Wednesday, January 29, 2014

Women Are the Dominant Media Voice During the Super Bowl


Bow your heads, folks. Let’s have a moment of silence for the end of an era— that of Monday-morning quarterbacking. How antiquated it seems to have to wait until the game’s guacamole dip has browned to share key takeaways about the ads. I cut my teeth as a copywriter at Sports Illustrated and laugh to think how woefully late reader response to the Super Bowl showed up in our pages. 
Illustration: GLUEKIT
Now consumers can talk back in real time (or as social media brand consultant Gary Vaynerchuk quips, “Now the deer have rifles”). And nothing has quite the rat-a-tat-tat impact of a tweet. Of the 20.9 million Super Bowl-related tweets sent during last year’s game, nearly 30 percent were about the ads.
And who’s posting and sharing the most? You got that right—women.
Increasingly, brands are making it a priority to connect with female consumers on Super Bowl Sunday for solid business reasons. Consider these stats: According to Nielsen demographic data, 46 percent of the Super Bowl viewing audience is female, and more women watch the game than the Oscars, Grammys and Emmys combined. She-conomy.com reports that women influence the majority of consumer spending across all categories, and onlineMBA.com published a report that found women comprise the majority of Twitter users (59 percent). Finally, women out-tweet men by 60 percent, per a study of 1,000 British Twitter accounts by Brandwatch.
If all these stats had to be mashed up in one tweet, I’d sum them up with these 140 characters: Women watch equally, buy + share in greater #s than men on Super Bowl Sunday. Ads with female appeal = best return on $4 million price-tag.
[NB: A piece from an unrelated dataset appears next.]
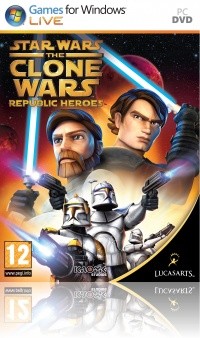Star Wars - The Clone Wars: Republic Heroes, PC-peli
So what do women who make ads for a living think about the $4 million Super Bowl spots? On Feb. 2 the world will find out. I’ve invited female advertising creative directors and creatives on both coasts to gather at two host agencies—Hill Holliday in Boston and The Hive in San Francisco—to watch the big game and live tweet their opinions of the commercials. Hundreds more ad women across the country will add their voices to the mix by live tweeting using the hashtag #3percentsb. Some of the participating creatives include DeeAnn Budney, The Hive; Kelli Robertson, Goodby, Silverstein; Kammie McArthur, Swirl; Sue DeSilva, Hill Holliday; Libby DeLana, Mechanica; Alyssa Toro, Connelly; Helen Keighron, Mullen; Jenn Maer, IDEO; Christine Pillsbury, Beam; Libby Brockhoff, Odysseus Arms; Jen Putnam and Melanie Nayer, SapientNitro; Lotus Child, Liquid; and Rebecca Rivera of The 3% Conference.
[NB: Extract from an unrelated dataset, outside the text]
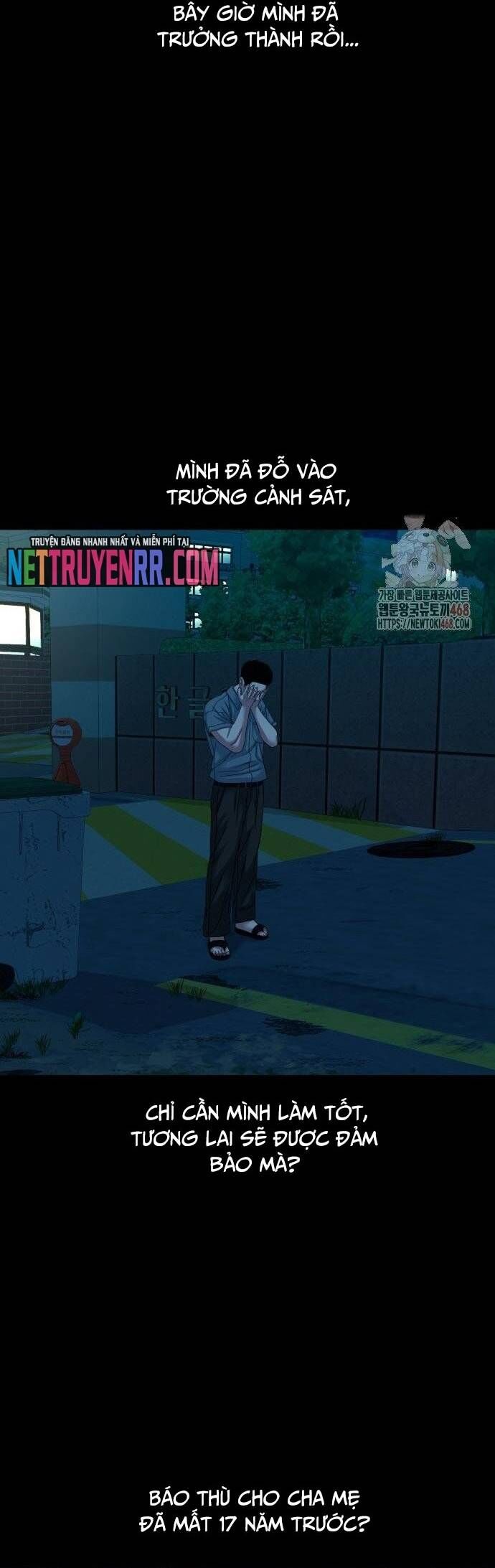 Ngôi Làng Ma Quái Chapter 63 - 16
Of course, men are encouraged to follow along too and retweet and chime in with their own hashtag #admen.
This will be the third year I’ve personally live-tweeted responses to the ads, and, frankly, I just got tired of shushing friends and family during the commercial breaks. It will be so much more fun to invite other female creatives to bring their phones, laptops and sardonic wit and humor to call out the good, the bad and the ugly Super Bowl spots the creative ad community has to offer.
Sadly, so far the track record of the work has been pretty degrading in their depictions of women. In 2013 we saw waitresses turned strippers, scantily clad women tackling each other in the dirt, and a supermodel sloppily kissing a computer programmer.
Those were the major marketing fumbles of the day. Not only were these ads off-putting to women, but many men also tweeted their wish for something other than lowest-common denominator creative. And the old adage that “sex sells” is being refuted with research that says that brand recall dips when the brain is busy processing ta-tas.
This year will be full of new surprises. Pinning all your hopes on a 30-second spot that sets you back $4 million is the ultimate Hail Mary pass.
My female creative director comrades and I are eager to see who completes it.